# Using the SDHC memory Card in the RNS 315



## PeterC4 (Apr 2, 2013)

My wife's 2013 new Beetle Convertible has the RNS 315 Navi. A neat feature is the use of an SDHC memory card up to 32 GB, for music. I downloaded, various albums and playlists into different folders, and it works quite well. Each artist has its own folder and each playlist has its own folder. When you insert the card, it will recognize the folders and then the contents. The sound is quite good and the car has the Fender audio. This is accessible via the "media" button and reduces the need for an iPod.


----------



## Chrisho (Dec 1, 2012)

I might look into one of these instead of using my iPod. I need to check at home to see if iTunes can manage the SD card. Two reasons, one to remove an item that I would miss should someone get into the car and glove box, second because the MDI play back has an annoying tendency to clip the beginning of some songs. 
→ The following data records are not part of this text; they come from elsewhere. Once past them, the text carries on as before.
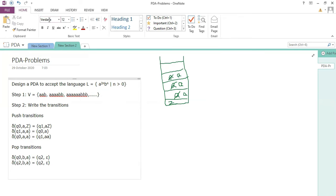At the end, when you encounter epsilon in the input and stack top is Z — meaning no more input and nothing left on the stack — you change the state to q3 and replace Z with Z. This technique is interesting; I've seen others solve it differently, but we must ensure it accepts all possible scenarios. The key point is: you cannot blindly push all a's. You have a condition with respect to popping, so you need to manage the pushing itself.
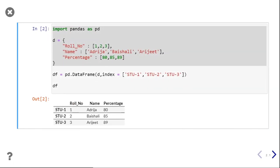So we are considering this data frame. We have imported the pandas library and created our dictionary. In the data frame we have given indexes as student 1, 2, and 3. We will perform operations on this data frame.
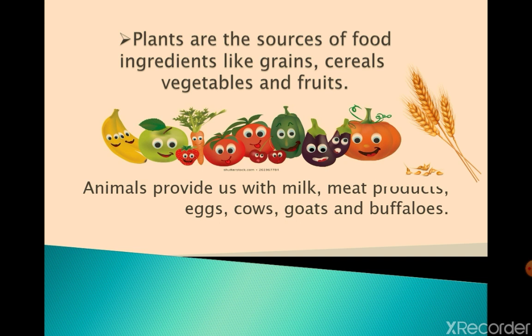Plants are the sources of food ingredients like grains, cereals, vegetables and fruits. And what do animals give us? Animals provide us with milk, meat products, eggs — from cows, goats and buffaloes.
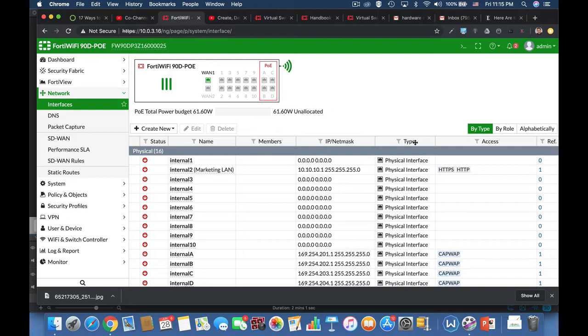That is similar to saying, okay, port 1, port 2, port 3, you all belong to a soft switch that we will name it marketing and it will have an IP address of 10.0.0 and so on.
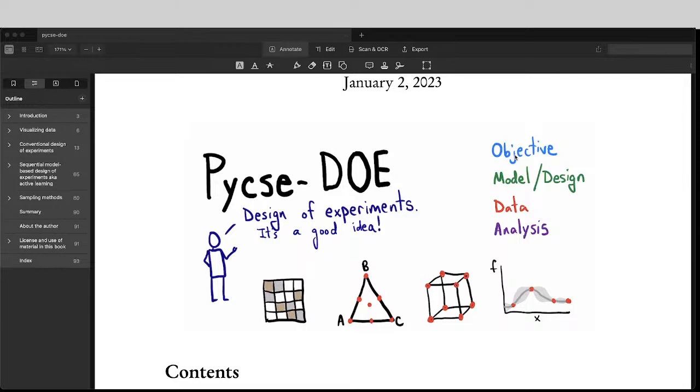Or you might want the slope of a line to estimate some kind of diffusion parameter or activation energy, etc. And we want to choose the best experiments.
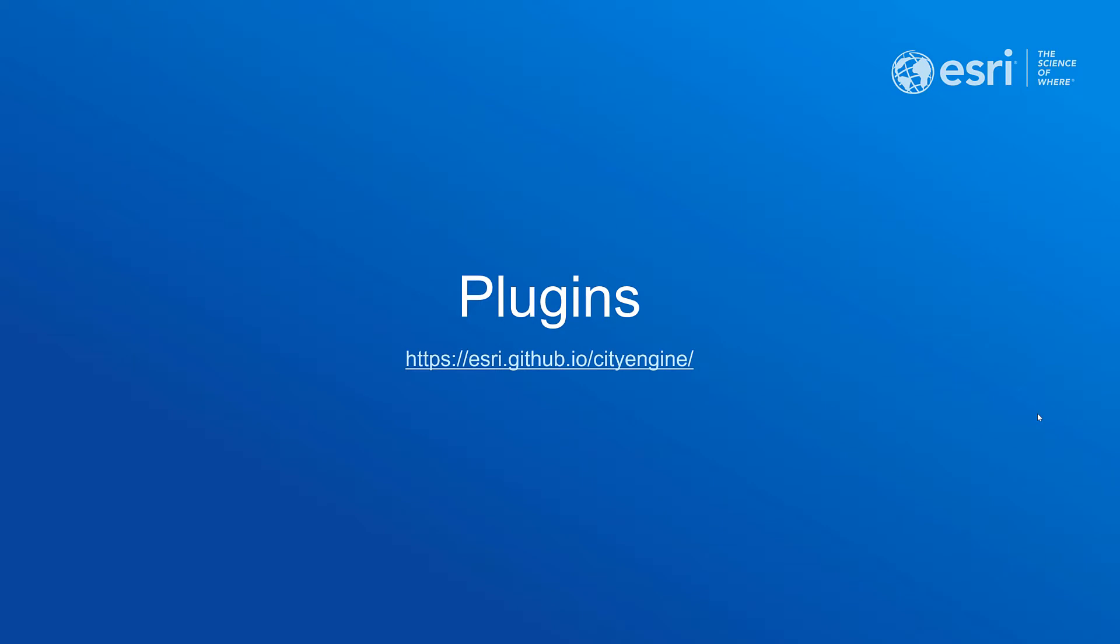Next I want to talk about what's new with the CityEngine plugins. If you're interested in these plugins you can visit this link where you can find all the information about the plugins, the new releases as well as all the example projects.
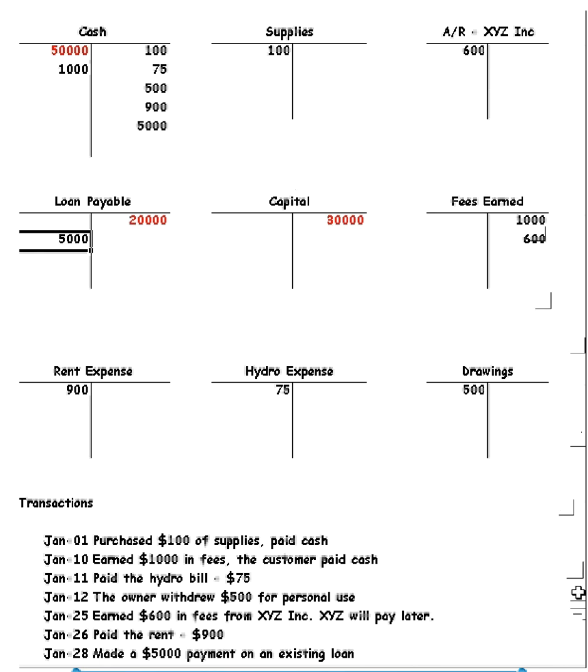Now we've recorded all the transactions. Your next step would be to balance each account and do up your income statement and your balance sheet.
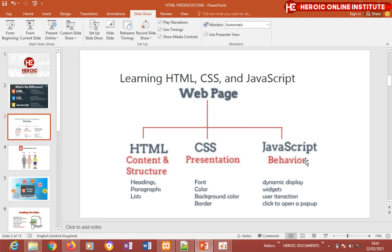JavaScript is for behavior — it makes your web page dynamic rather than static. For example, when you click a button and a pop-up appears, or when you try to log in and get an instruction saying your password is incorrect, that is JavaScript in action, making the website interact with the user.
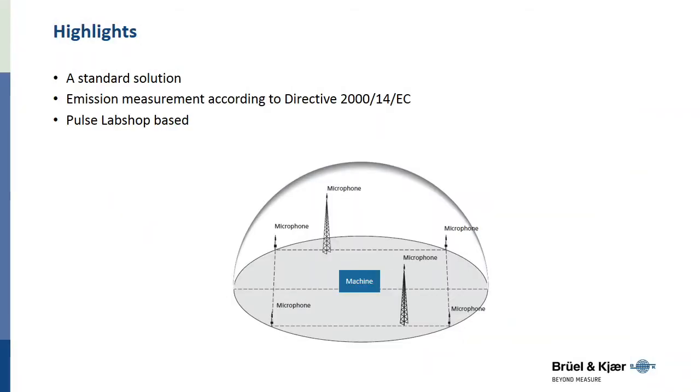Pulse Noise Emission Outdoor Machinery Directive 2000 Type 7885 is a solution from Brüel & Kjær for measuring the noise emission of outdoor machinery in accordance with Directive 2000.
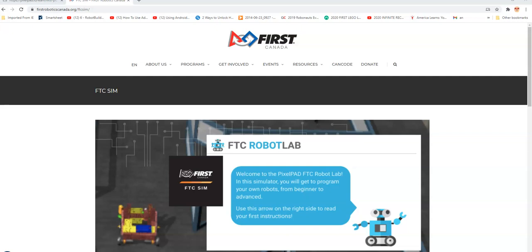Hello and welcome to First Canada's FTC Sim tutorials. This series is about how to use FTC Sim, a First Tech Challenge robot simulator created by First Canada. So welcome — hopefully you'll love this and you'll want to try it out.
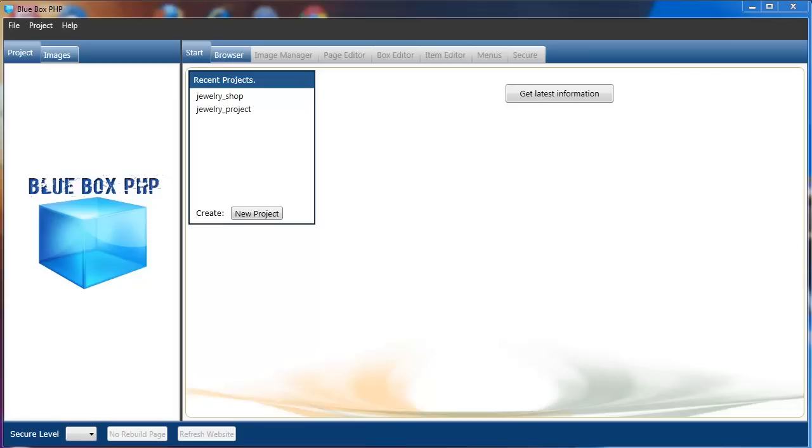Welcome to the Blue Box PHP tutorial series. In this tutorial I'm going to show how to customize and add your own content to a website page.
Has anyone had iPod play back issues with this unit where it clips or stutters the first seconds of a song on occasion?


----------



## Carbon Steel (Sep 6, 2010)

I haven't used the SD card in the beetle yet, we have the IPOD and the rest, fender sound system, which i think sounds really good. I have been using the SD card in the GTI (2010) for almost 3 years. I don't think too many use it, but it's there and it works well. It won't be long before my wife starts asking about it, or who knows i might give her a love gift one day and say hey you know what this is? 


Reference IPOD: i haven't noticed any issues.


----------



## Dscot8r!2 (Dec 18, 2012)

It works really well. No latency like when streaming your music and you don't have to have your phone plugged in. You don't need to have the RNS 315 to do this though. You can use an SD card on the Premium VIII touch screen head unit as well.


----------



## Chrisho (Dec 1, 2012)

Bought and loaded up a 16gb SanDisk SD card, much faster to play back and none of the annoying stutter I occasionally got with the iPod playback. Plus it means I can remove the iPod from the car and not worry about anything of value in the glove box!

FWIW. I have a Mac at home and my iTunes is configured to write tracks with the song number, title, and such. I believe that is under the advance options tab for iTunes. I simply dragged and dropped songs I wanted by artist name. Hence when I go to play songs I locate the artist then the album.

I need to figure out play lists and such, but with the complex directory structure it may be more trouble than its worth


----------



## PeterC4 (Apr 2, 2013)

*Playlists and Artists*

I use separate folders for all. Seems to work well. Is there another way of setting up a playlist?


----------